Konzert: Boy & The Echo Choir & Odonis Odonis & Chelsea Wolfe
Ort: Le Point Ephémère, Paris
Datum: 04.05.12
Zuschauer: vielleicht 180
Konzertdauer: Chelsea Wolfe etwa eine Stunde, die anderen kürzer
War ein richtig guter Konzertabend am Freitag in Paris. Alle drei Acts zeigten sehr ansprechende Auftritte und bewiesen,daß die internationale Indie-Szene nach wie vor frisch und abwechslungsreich ist. Aus drei Staaten waren sie gekommen, die Künstler die uns heute den Abend verschönerten.
Bei Boy & The Echo Choir aus Frankreich waren aber leider noch nicht sehr viele Leute da.

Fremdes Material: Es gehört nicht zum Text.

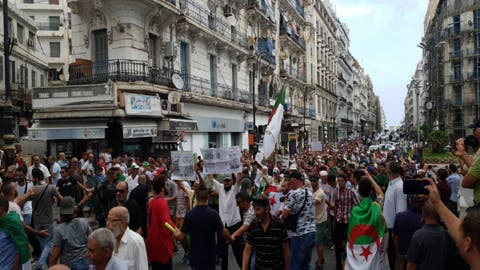 طلاب الجزائر يضغطون لتسريع إجراءات التهدئة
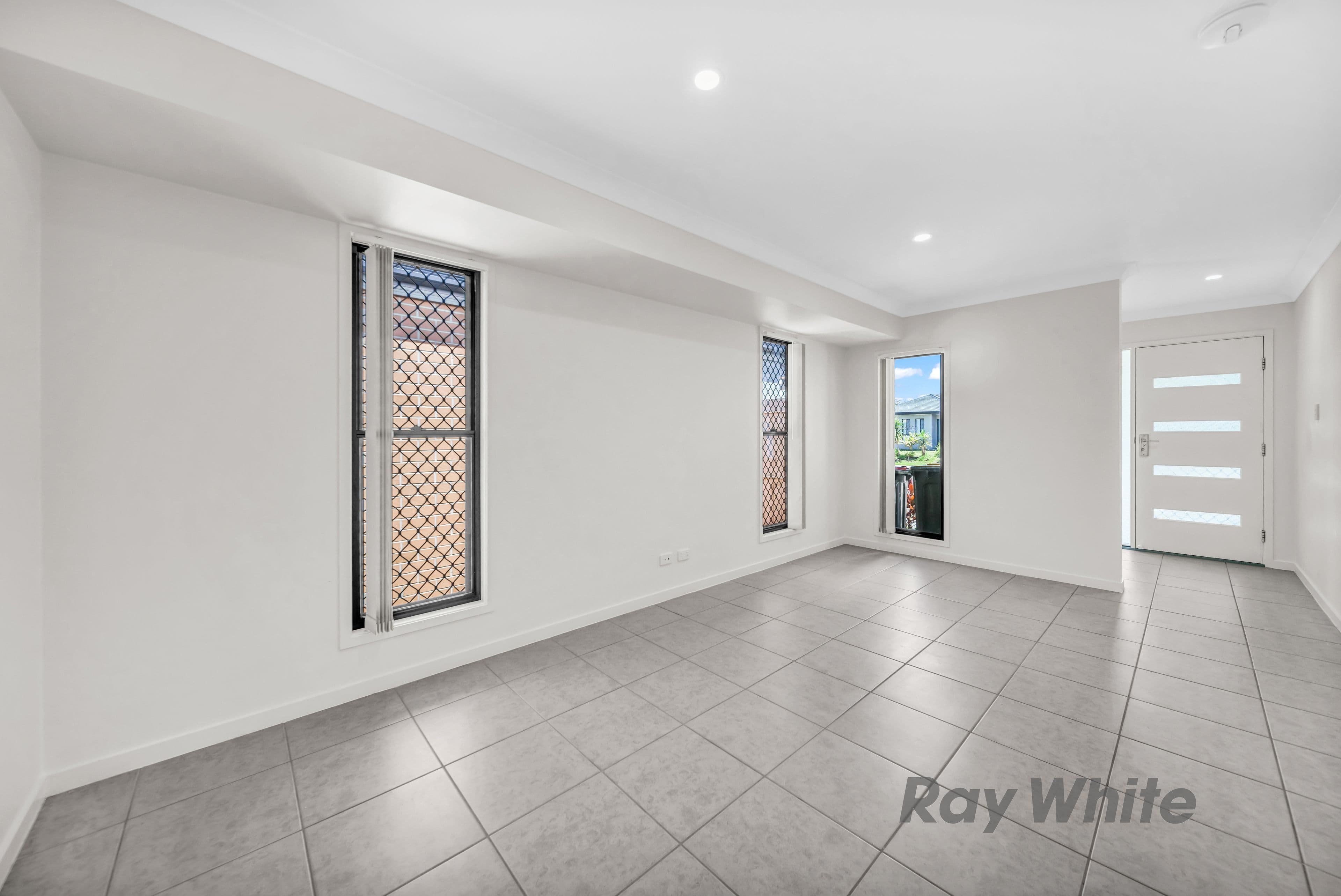 83 Killara Boulevard, Logan Reserve QLD 4133, Logan Reserve - Thumbnail 5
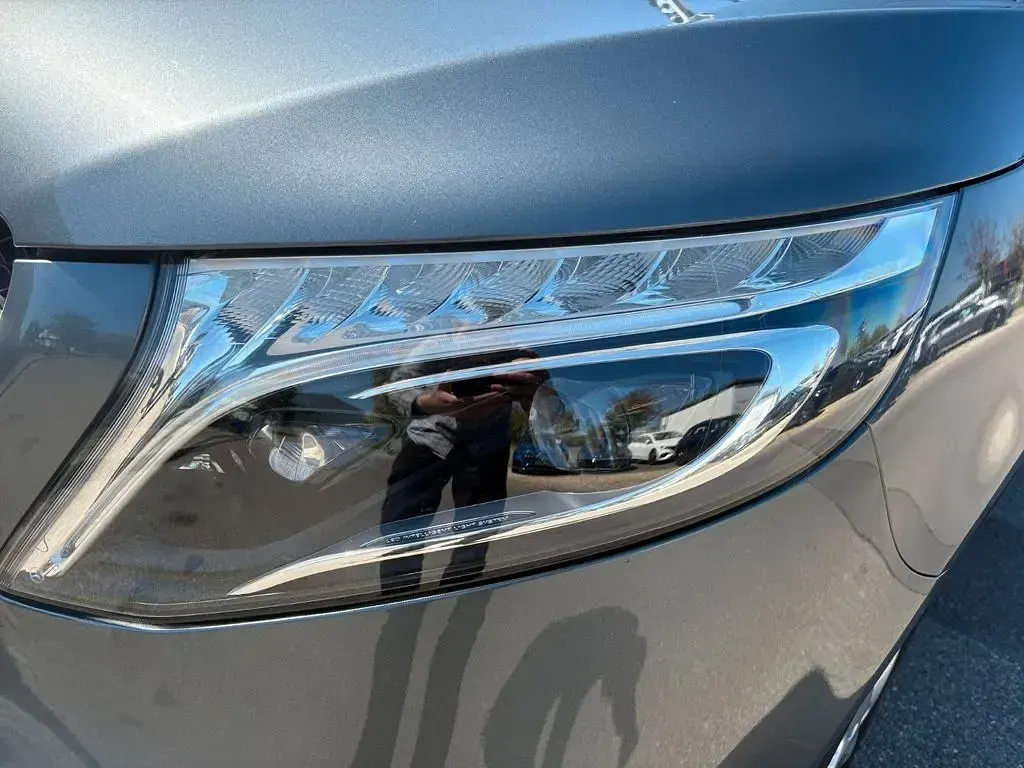 Gebraucht Mercedes V250 Edition 190 PS (139 kW) 2021 Grau Van / Kleinbus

Caroline und ihre Kollegin Rachel spielten hinreißend melancholischen Indie-Pop zum Steine erweichen. Mit der Kombination aus samtweichem Frauengesang, in moll gehalteten Pianoklängen und atmosphärischen Gitarren kann man mich ja grundsätzlich leicht schachmatt setzen und auch heute konnte ich mich kaum gegen die verführerische Schwermut dieses Cocktails erwehren.
40 Minuten lang wurde sanft gedreampoppt, sehnsüchtig ins Mikro gehaucht und butterzart Klavier gespielt. Performt wurden Lieder vom letzten Album And Night Arrives In One Gigantic Step und einem noch nicht erschienenen Neuling.
Auf den Studioversionen spielen verschiedene Musiker mit, da gibt es auch Schlagzeug, Harmonium, Akkordeon, Glockenspiel und viele andere schöne Dinge, aber hier und heute standen nur zwei Pianos, eine E-Gitarre und in einer spektakulären Szene eine singende Säge zur Verfügung. War aber nicht schlimm, denn auch die abgespeckte Variante wusste zu verzücken.
Highlights waren Last Days und das abschließende Take Me Home, bei dem eine ganz intensive Spannung aufgebaut wurde, die sich am End zumindest zum Teil entludt. Einen Moment konnte man da glatt an Soap & Skin denken, während mir ansonsten die depressiven Franzosen Cyan & Ben, oder natürlich auch Cat Power aus ihrer frühen Phase in den Sinn kamen.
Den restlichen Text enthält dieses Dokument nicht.